It is almost impossible to travel anywhere in Boston without seeing a cyclist weaving in and out of dense city traffic.
And although some riders said Boston is not the most bike-friendly city, Mayor Thomas Menino has worked to add more bike lanes, and Beantown is becoming one of the hubs of American cycling culture.
“A lot of the major trends that the bicycle industry comes out with each year, when they release their bikes and their bike designs and clothing designs, [come from] the bike culture in Boston and New York,” said Chris Nourse, a middler English and theatre major who is a mechanic at Landry’s Bicycles located at 890 Commonwealth Ave. “The 2009 models that are coming out now are getting trendier and trendier, according to the kids who are riding in Boston.”
Nourse said cycling culture has seen a spike in recent years. Landry’s has seen an increase in business, which Norse said is a result of certain trends in pop culture that are becoming more mainstream.
“[Cycling is] certainly a habit with those who feel like going green, and a great way to get exercise,” he said.
Ryan Stanis, who is taking a semester off from his education at the School of the Museum of Fine Arts, works as a shop mechanic at Bikes Not Bombs located at 18 Bartlett Square in Jamaica Plain.
Bikes Not Bombs takes old and broken bicycles and repairs them, sends them to other countries, donates them to community youth or sells them at reduced prices in the Bikes Not Bombs shop, according to the organization’s website.
Stanis said one of the most important results of what the company does is waste reduction.
“We’re recycling bikes that otherwise would have been considered garbage,” he said. “We’re not just bringing new bikes onto the market, but we’re revitalizing these old ones and reducing waste.”
Stanis said Bikes Not Bombs is going a step further than other groups’ advocacy.
“But I think we’re bringing it to the next level by helping people understand their bikes better.”

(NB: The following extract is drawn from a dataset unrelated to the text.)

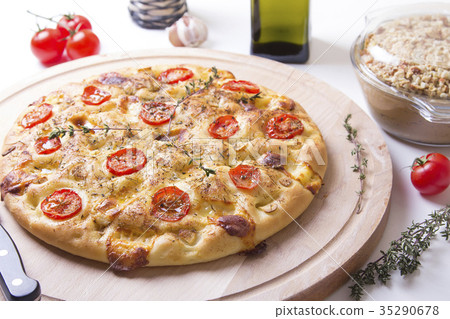 Fresh bread focaccio with tomatoes and cheese 35290678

Another part of Boston’s cycling culture is Critical Mass, an event that takes place in cities across the globe. Participants gather in Copley Square the last Friday of every month to “protest against car culture and for better bicycle infrastructure,” according to Bostoncriticalmass.org. The protesters cycle around the city en masse, clogging streets and slowing traffic to a grind wherever they go. Attendance fluctuates, but it is not uncommon for more than 100 people to take part, according to the site.

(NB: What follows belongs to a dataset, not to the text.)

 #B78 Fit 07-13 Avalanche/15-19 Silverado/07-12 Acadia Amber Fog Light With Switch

Some students, like Ian Headley, a sophomore music technology major, said they take part in the event out of curiosity. Headley said he attended Critical Mass on Halloween to hang out with his friends.
“I’ve never done it before, and I was interested,” he said.
Others, like Tricia Towey, a sophomore film major at Emerson College, said they take the protest aspect slightly more seriously.
“I like biking, and I have almost been killed by cars on more than one occasion,”she said.
She celebrated Halloween by dressing up as a cyclist who had been hit by a car, sporting a bloody T-shirt with the words “I was killed by cars” on the front. The back of the shirt read, “So now I bike.”
Nourse said that despite not having a lot of bike lanes, Boston is a great place to be a cyclist.
“It’s getting better and better each year,” he said.